She and Lene shack up in a small German camp co-occupied by locals and Americans. Nelly immediately, nervously wanders. Her quest, it’s soon made clear, can’t be focused on the future as Lene suggests – not with so much lost. Nelly’s estranged husband, the gentile Johnny (Ronald Zehrfeld), is still alive, lurking around the camp. While there’s a question as to whether or not he actually turned Nelly in – Lene is convinced he did – Johnny is what kept her spiritually alive. He’s all that she had, and now, he’s all that she has.

When Nelly finds Johnny, he doesn’t recognize her – but he seeks her out with destabilizing rapidity even still. The film subsequently delves into a performative romance, “Vertigo”-style.

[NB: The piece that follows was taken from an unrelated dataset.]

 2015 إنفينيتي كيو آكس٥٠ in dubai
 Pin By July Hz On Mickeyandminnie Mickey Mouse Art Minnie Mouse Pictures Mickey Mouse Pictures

Johnny recruits “Esther” (Nelly’s pseudonym), not realizing her true identity, to pose as his wife in order to acquire her inheritance. He coaches her on how to be her, from her handwriting to her hairstyle to her very way of walking. As Johnny reconstructs his wife as he knew her, Nelly reclaims herself, free of trauma and isolation.

The set-up here is admittedly contrived, but the film’s middle stretch, mostly confined to Johnny’s small-scale apartment, convinces as fascinating psychological drama. It plays like a piece of theater, rendered with an anticipatory score and a cinematographic distance. It shifts away from “Vertigo,” hewing closer to Truffaut’s performance-centric “The Last Metro.” “Phoenix” manages a confluence of the latter’s intellectual verbosity with an arrestingly twisted atmosphere.

Interludes featuring Nelly and Lene break up the insular central action at Johnny’s apartment. In these brief scenes, Petzold lights Nelly like a silhouette, a faceless figure speaking to her increasingly skeptical and impatient confidante. She speaks of “being jealous of me,” or the version of Nelly whom Johnny so nostalgically longs for. She rebuffs Lene’s assertions of his betrayal. In effect, the physical darkness enveloping Nelly exposes a woman between who she is and who she was. She’s chasing a ghost.

The same goes for Johnny, for no matter how close “Esther” gets, she is always far from Nelly in his eyes. His denial is indicative of a subconscious acknowledgment of truth that he refuses to activate. He instructs Nelly to turn herself into a fantasy as a way to convince, but also because it’s the only way he could imagine her. His construction can only be rooted in that reminder of the past, rather than in a true contention with what she may have become. It’s why he’s chasing the “before” – why he’s drawn to the dead.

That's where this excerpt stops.